CRT is about rejecting empiricism as method to explain society as some part of western establishment idea. CRT is about using utterly subjective viewpoints instead and asigning validity based on who that witness is.
Psst.
Empiricism is also about using subjective viewpoints.
The position you're trying (and failing) to represent here is called positivism. Leaving aside the actual philosophy of positivism, it's essentially the position that all knowledge should be modelled on the physical sciences and on mathematics, because knowledge in these fields has a higher degree of certainty (or positivity) than knowledge of more complex things, like human beings. The easier something can be adapted to simple rules, the more useful knowledge of it is.
The problem with this is that it isn't useful and it doesn't work. It doesn't even really work in the physical sciences any more, because the understanding of the physical sciences today is far more complicated (and thus less "positive") than it was a century and a half ago when Newtonian mechanics were the height of scientific knowledge. If anything, rather than the social and human sciences needing to become more like the physical sciences, the reverse has happened. Positivism certainly doesn't work in the human sciences because human beings are extremely complicated, and by constantly trying to reduce them to simple principles you're no longer learning anything about human beings. Thus, positivism is useless to the objectives of the human sciences. It's better to have contingent partial knowledge of complex humans than garbage attempts to define universal rules which are ultimately based on nothing at all.
Furthermore, it also just fundamentally doesn't work on a philosophical level. For one, it's hypocritical. Claiming that only positive knowledge is itself valid is a claim that can't be verified positively. It's a violation of basic empirical principles, like saying the Bible is true because it says so in the Bible. Positivism is an ideological positio, and it's an ideological position that only really exists to fuel some conflict between the physical and human sciences.

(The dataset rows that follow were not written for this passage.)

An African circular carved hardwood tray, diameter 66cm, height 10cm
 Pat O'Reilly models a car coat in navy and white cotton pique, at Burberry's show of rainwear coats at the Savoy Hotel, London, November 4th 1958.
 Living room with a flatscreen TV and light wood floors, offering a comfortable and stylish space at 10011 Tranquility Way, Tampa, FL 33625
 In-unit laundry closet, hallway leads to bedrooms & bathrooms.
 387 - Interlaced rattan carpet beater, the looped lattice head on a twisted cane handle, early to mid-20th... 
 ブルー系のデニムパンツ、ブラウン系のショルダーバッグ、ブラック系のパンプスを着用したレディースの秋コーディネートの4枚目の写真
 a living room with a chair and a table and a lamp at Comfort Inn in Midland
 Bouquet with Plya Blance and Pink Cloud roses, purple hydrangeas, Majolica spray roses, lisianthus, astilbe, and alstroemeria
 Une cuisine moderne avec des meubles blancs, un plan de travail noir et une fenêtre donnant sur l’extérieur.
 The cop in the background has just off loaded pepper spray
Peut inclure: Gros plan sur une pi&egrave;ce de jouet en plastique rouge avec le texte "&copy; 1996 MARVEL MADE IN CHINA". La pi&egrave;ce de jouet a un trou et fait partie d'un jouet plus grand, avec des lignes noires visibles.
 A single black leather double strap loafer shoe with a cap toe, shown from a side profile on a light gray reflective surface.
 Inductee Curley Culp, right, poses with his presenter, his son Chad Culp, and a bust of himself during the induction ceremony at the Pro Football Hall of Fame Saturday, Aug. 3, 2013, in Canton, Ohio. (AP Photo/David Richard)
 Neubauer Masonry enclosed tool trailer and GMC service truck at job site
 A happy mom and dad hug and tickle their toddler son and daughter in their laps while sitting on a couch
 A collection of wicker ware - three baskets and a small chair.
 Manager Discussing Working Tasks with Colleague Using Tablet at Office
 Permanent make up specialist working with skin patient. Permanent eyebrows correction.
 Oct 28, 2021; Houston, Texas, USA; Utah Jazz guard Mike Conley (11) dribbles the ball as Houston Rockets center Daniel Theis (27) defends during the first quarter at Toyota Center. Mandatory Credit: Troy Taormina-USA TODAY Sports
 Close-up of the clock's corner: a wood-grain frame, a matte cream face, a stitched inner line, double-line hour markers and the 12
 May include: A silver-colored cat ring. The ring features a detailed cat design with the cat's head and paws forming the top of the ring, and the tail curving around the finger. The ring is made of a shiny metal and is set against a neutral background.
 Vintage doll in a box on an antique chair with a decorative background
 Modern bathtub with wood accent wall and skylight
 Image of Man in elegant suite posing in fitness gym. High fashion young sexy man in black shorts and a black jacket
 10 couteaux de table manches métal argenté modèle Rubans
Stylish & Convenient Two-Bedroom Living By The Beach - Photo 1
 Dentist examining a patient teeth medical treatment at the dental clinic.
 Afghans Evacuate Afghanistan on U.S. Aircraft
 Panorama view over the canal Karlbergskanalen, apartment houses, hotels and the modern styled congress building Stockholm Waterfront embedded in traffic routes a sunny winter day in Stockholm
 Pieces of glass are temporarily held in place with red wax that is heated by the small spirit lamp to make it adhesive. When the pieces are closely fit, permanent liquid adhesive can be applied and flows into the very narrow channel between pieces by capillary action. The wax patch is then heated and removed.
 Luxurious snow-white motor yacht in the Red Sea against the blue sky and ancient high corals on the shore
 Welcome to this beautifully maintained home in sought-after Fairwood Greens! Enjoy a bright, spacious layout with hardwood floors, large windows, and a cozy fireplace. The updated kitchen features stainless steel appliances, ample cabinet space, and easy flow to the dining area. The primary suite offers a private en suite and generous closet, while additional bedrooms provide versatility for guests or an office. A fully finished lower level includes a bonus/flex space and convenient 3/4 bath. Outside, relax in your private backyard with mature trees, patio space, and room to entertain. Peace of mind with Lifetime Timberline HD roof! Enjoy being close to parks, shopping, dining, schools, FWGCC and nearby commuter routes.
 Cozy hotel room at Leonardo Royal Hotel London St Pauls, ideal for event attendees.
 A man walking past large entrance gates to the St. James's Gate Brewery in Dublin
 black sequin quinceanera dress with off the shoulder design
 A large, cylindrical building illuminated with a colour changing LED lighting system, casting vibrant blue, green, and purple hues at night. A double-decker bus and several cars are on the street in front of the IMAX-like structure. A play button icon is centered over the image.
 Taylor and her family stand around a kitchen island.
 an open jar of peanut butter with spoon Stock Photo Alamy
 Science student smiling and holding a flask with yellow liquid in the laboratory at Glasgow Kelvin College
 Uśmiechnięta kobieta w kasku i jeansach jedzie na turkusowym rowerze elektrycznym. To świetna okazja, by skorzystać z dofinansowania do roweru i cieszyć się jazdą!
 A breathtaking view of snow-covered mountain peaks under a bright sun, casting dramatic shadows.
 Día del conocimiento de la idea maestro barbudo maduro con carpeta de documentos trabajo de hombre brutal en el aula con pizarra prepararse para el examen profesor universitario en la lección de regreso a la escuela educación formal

In reality, I've found that philosophers, social scientists and natural scientists generally get on just fine, because ultimately even though our methods differ we all kind of get the fundamental assumptions of empiricism. People who still cling really hard to positions like positivism and rationalism tend to be the "I fucking love science" bros. You know, the people who think they understand science but really just want to use it as a way to feel smarter than other people, or who do vocational degrees like engineering or CS and think that makes them a scientist. I'm not saying that's you, it's just my observation.